RECORDS SUPPLIED:

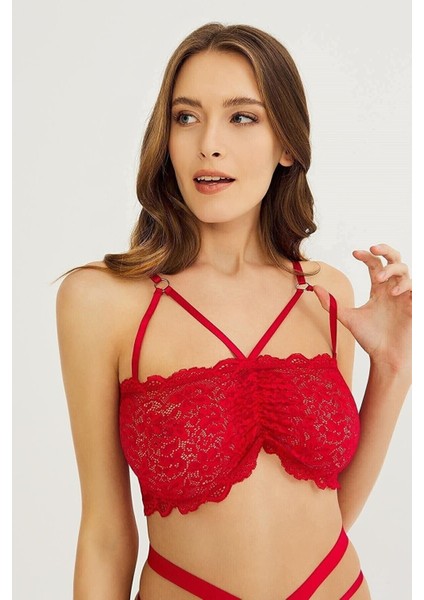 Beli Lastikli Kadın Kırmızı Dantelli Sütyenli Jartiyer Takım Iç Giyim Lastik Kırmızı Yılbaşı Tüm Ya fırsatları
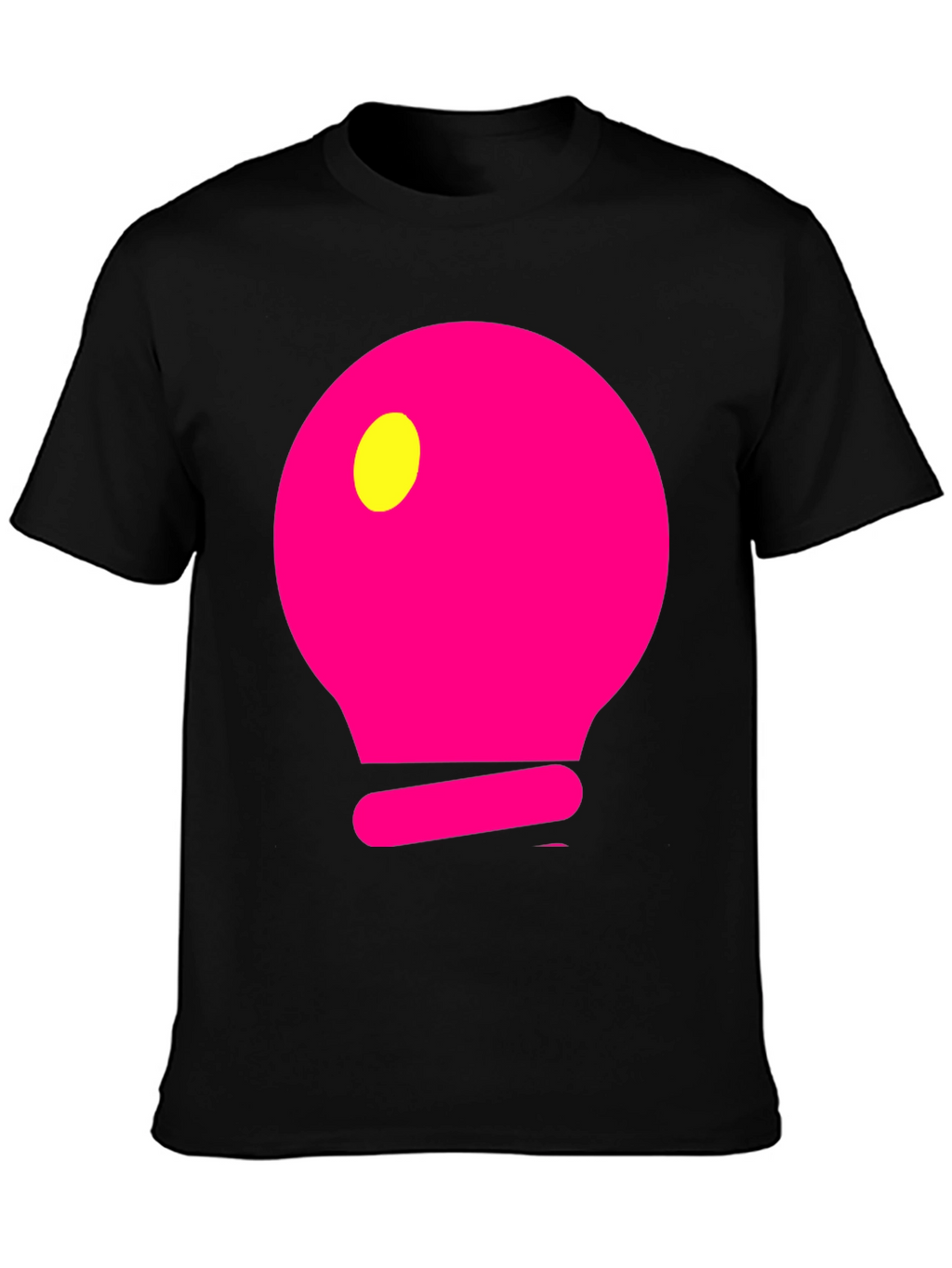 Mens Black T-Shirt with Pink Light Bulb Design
* * *
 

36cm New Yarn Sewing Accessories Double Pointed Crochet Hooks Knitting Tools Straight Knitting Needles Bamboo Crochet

AIM OF THE TASK:
To complete this exercise, transcribe exactly the lines above from the one that holds "Beli Lastikli Kadın" through the one that holds "Mens Black T-Shirt". Pictures stay out.

EXERCISE OUTPUT:
 Beli Lastikli Kadın Kırmızı Dantelli Sütyenli Jartiyer Takım Iç Giyim Lastik Kırmızı Yılbaşı Tüm Ya fırsatları
 Mens Black T-Shirt with Pink Light Bulb Design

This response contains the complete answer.